"The Great" World: C vs. Java in number crunching

Introduction

Java being the most popular programming language of application programming is usually thought to be a good (usually the best) choice for any task. Six or seven months ago one of my instructor Dr. Hoermann, who is a real expert in random number generation techniques, ask me to reimplement one of his earlier C projects in Java by using the merits of object oriented design. I won’t dwell into the details of the project but shortly it was an object oriented implementation of a set of universal random number generators.

Initially, I did not suspect about the performance of Java because I previously use some data mining tools, simulators implemented by Java especially by some universities. Such that Weka – one of the most popular Java data mining applications—implemented by New Zealand University . So I start to design a model. You know those things. Interfaces, classes, so and so for…

Finally, design and implementation were completed and it seems that our new generator was solely doing pretty well. I use the generators to estimate some stock options and to do some Monte Carlo simulations. Everything was fine but one thing. What was the speed of previously implemented project in C by Hoermann? As I check the result, it was disgusting enough to make me irritate Java. I don’t tell you to irritate Java but just see below to not to see any problem as a nail.

Since the generator I implemented requires too much theory of statistics and probability theory, I won’t deal with it. But rather I will be implementing a pretty simple PI estimator using Monte Carlo technique in both Java and C.

Some rough idea on Monte Carlo

O! many a shaft at random sent

Finds mark at the archer little meant!

And many a word, at random spoken.

May soothe or wound a heart that’s broken!

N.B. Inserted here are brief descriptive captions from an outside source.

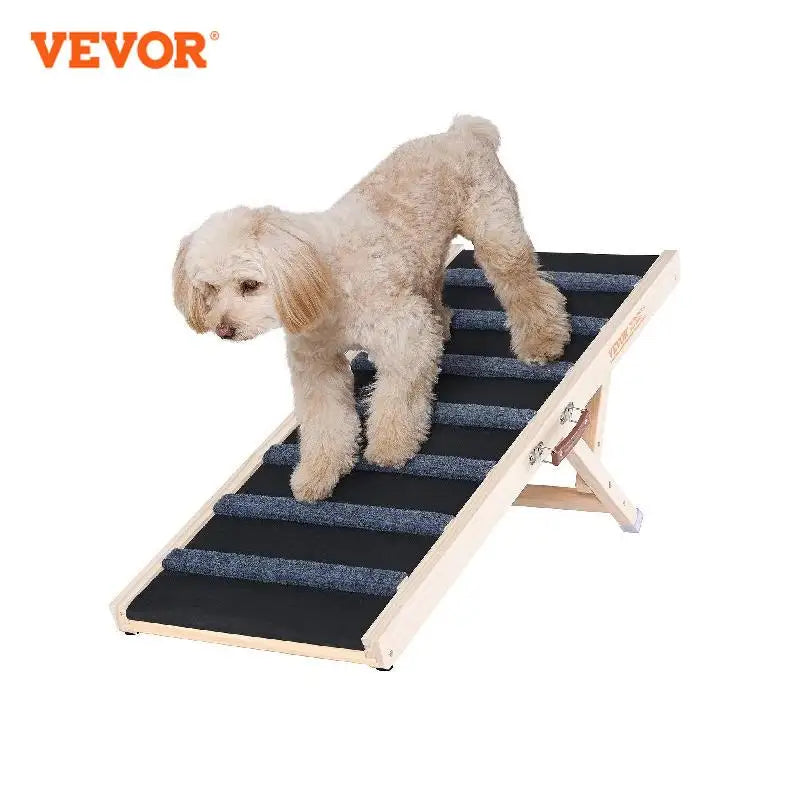 VEVOR Anti-slip High Adjustable Wooden Dog Ramp, Folding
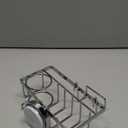 TAILI 4-in-1 Sponge Holder for Kitchen Sink with Strong Suction Cup Removable, Rustproof Aluminum Sink Caddy for Sponge, Brush, Scrubber, Scraper -Silver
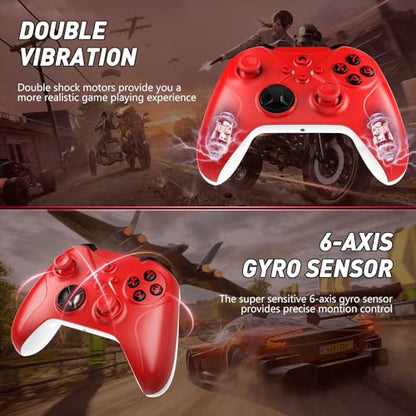 Dinosoo Wireless Controller for Xbox Series X|S, Xbox One & Windows 10/11 Steam Games, Bluetooth, Dual Vibration, TURBO, Macro, 3.5mm Audio Jack Red - Upgrading with a PC before connecting to X-box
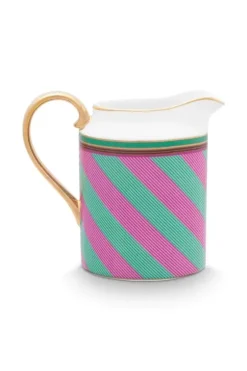 Pip Studio Milchkännchen|Pip Chique Stripes Kanne Klein Rosa/Grun
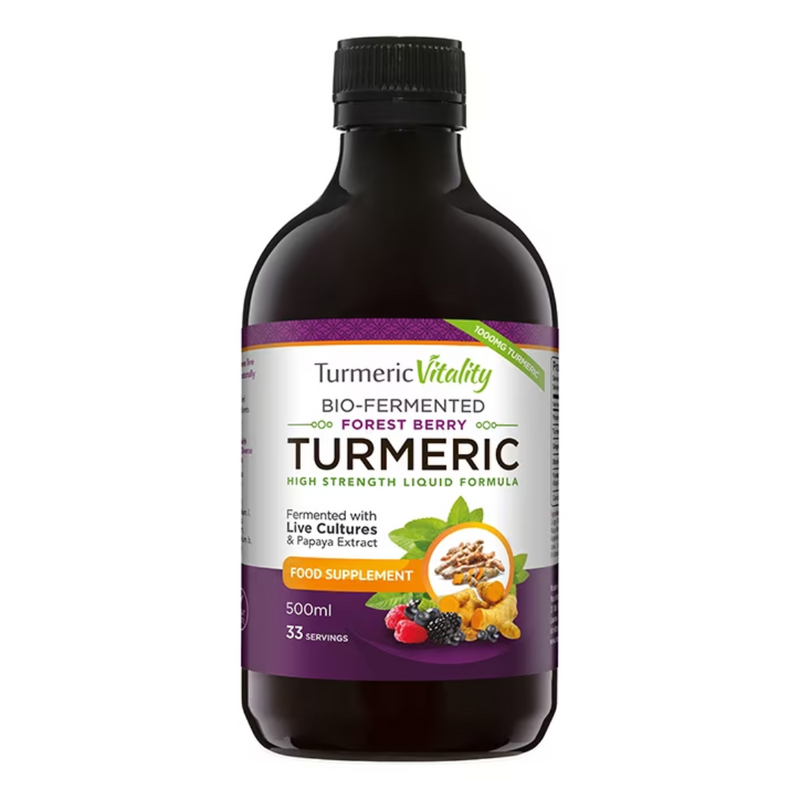 Turmeric Vitality Bio-Fermented Turmeric Liquid Forest Berry Flavour 500ml | London Grocery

Sir Walter Scott, the Lord of the Isles

A Monte Carlo method is an algorithm that solves a problem through the use of statistical sampling. Just as I said I won’t bother doing some probabilistic proof (it’s the job of http://www.systemsimulation.blogspot.com/). But to make you believe, think that in a raining day you and your son are walking through the street with your own umbrellas. And since he is just a kid, his umbrella is smaller than yours in terms of it is radius (think that we are looking from the top). So how can you compare the number of droplets hitting to your umbrella and his umbrella.

Believe or not this will be in proportion with the square of your umbrellas’ radius. Are the umbrellas magic? What if some guy squirt water on you by using garden trunk on you while your umbrellas are in your hand? This time the ratio of droplets will not be in proportion with r square. Why? Umbrellas, water, kid, parent are all the same. So what is the problem? The key word in here is uniformity. Think some you will realize what the problem isJ

So this much mix-up in your mind about Monte Carlo is enough. Let me finish this section by showing you how well a Monte Carlo estimator performs. Blue dots are our estimates for different numbers of replications(go on reading for the meaning of replication) in the chart and the dashed line is the exact value of PI (It is a bad saying that PI’s exact value. Why?).

Performance

Monte Carlo simulation we use for estimating PI requires many uniform number tuples (Imagine that we will control the rain. But before start we calculate all the droplets’ hit coordinates(X,Y) on the earth such that they will spread uniformly on the ground). Moreover method requires some multiplications and comparisons simply. Finally it requires building up a confidence interval in order to see how satisfactory its result is. It’s the statistical way of saying “I am sure that with 95% probability real PI value is some where between A and B”. The length of the confidence interval is determined fundamentally by the number of replications (This is the successive numbers of days we use our power to rain exactly 100000 droplets on the earth). The more replications we did the less distant A and B are (The more day we rain, the more we learn how to rain). Let me show the shrinking of CI (confidence interval), as the number of replications increase:

If you look close enough, you will see that as we multiply the number of replications by 4, the CI shrinks only by half.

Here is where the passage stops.